= Robert S. Ryan =

American Engineer with specialism is Space exploration

Robert "Bob" S. Ryan is an American engineer who worked for NASA designing launch vehicles and coordinating technical training.

== Career ==
During his career at NASA, Ryan worked on launch vehicle and space systems design and technology development, and as a Technical Training Coordinator. He retired from NASA in 1996.

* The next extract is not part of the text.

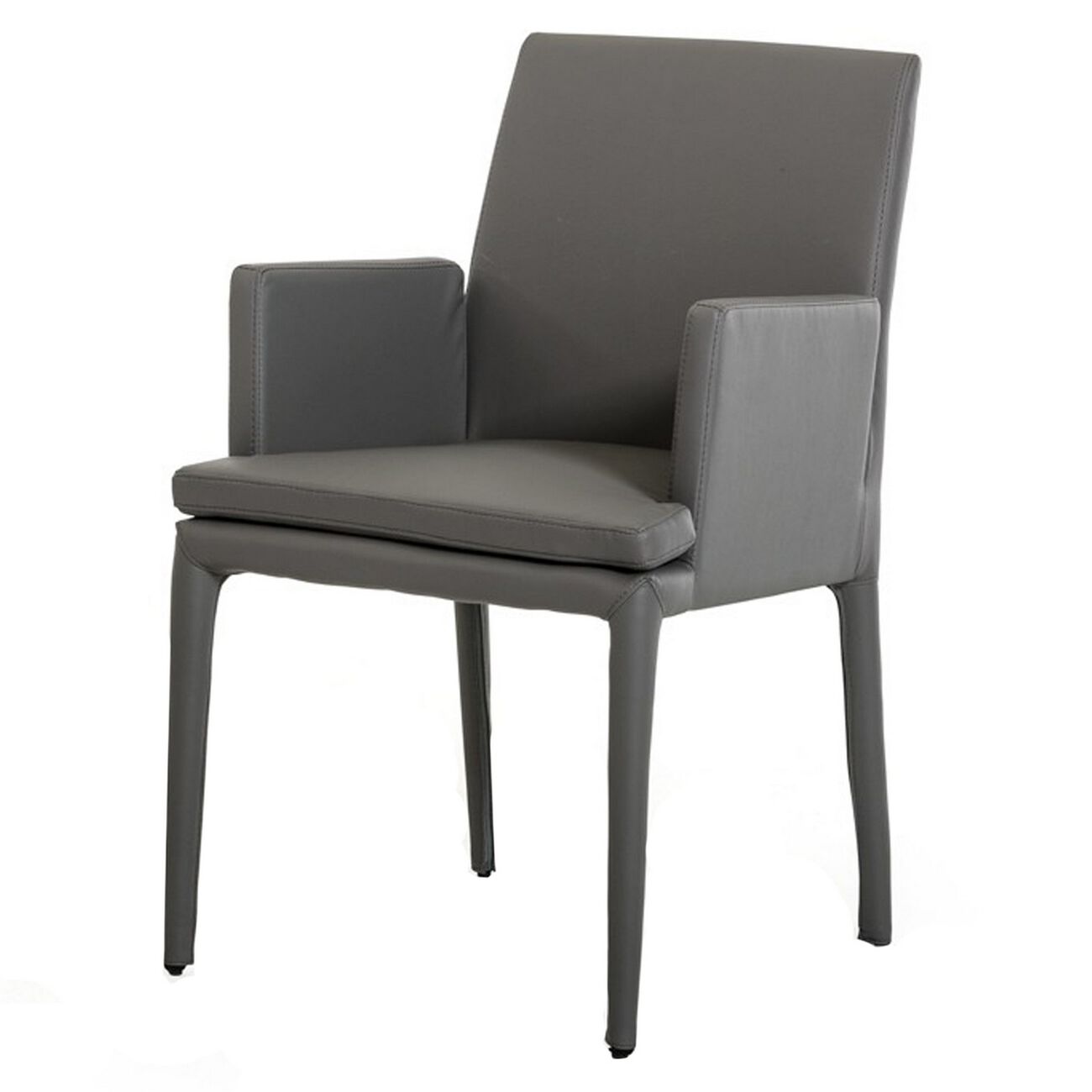 Leatherette Dining Chair with Tapered Legs and Panel Arms, Gray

Ryan has also worked as an aerospace consultant for The Boeing Company on the Space Station design, and for Lockheed Martin Corporation in Huntsville on the Space Shuttle Super Light Weight tank design. He has consulted with NASA on the Space Launch Initiative, the Next Generation Launch Technology, Orbital Space Plane, the Exploration Program's Crew Launch Vehicle and Cargo Launch Vehicle, NASA NESC Smart Buyer Activity, Nuclear Propulsion Technology, MLAS Alternate Abort System test program and flight, Constellation Program, Commercial Launch Vehicles and Robust and Reliable Human Spacecraft System. In addition, he served as chairman of the X-33 Composite Fuel Tank Failure investigation, a member of the Air Force IUS failure team, and member of the Joint NASA and Air Force Launch Vehicle Integration 120 Day Study Team.

== Publications ==
He is a contributing editor on the text book "Textbook for Space Transportation System Design" and "System Engineering". He is a co-author on the NASA TP "Launch Vehicle Design Process"; NASA CR "Lessons Learned in Engineering"; NASA CR "Engineering the System"; and is in the process of writing two additional NASA CR's: 1. "Coaching and Mentoring" and 2. "Engineering Excellence". He wrote a chapter in "50 Years of Shock and Vibration" and in "Systems Engineering" and an Agard Book, "Winds and Launch Vehicle Response".

== Awards ==
Ryan was a NASA Flight Honoree for the Space Shuttle 100th flight and received the NASA Outstanding Leadership Medal and three Exceptional Service Medals. His was an Associate Fellow of the American Institute of Aeronautics and Astronautics (AIAA) was named the Mississippi/Alabama Section AIAA Engineer of the Year, was honored with the AIAA Herman Oberth Award by the Mississippi/Alabama Section, received the AIAA Structural Dynamics and Materials Medal, and was awarded the first AIAA Crichlow Trust Prize ($100,000).

He is a 150 Distinguished Faculty Fellow of the University of Alabama, member of the Alabama Engineering Hall of Fame, University of North Alabama Alumni of the Year, and Morgan County Alabama Sports Hall of Fame.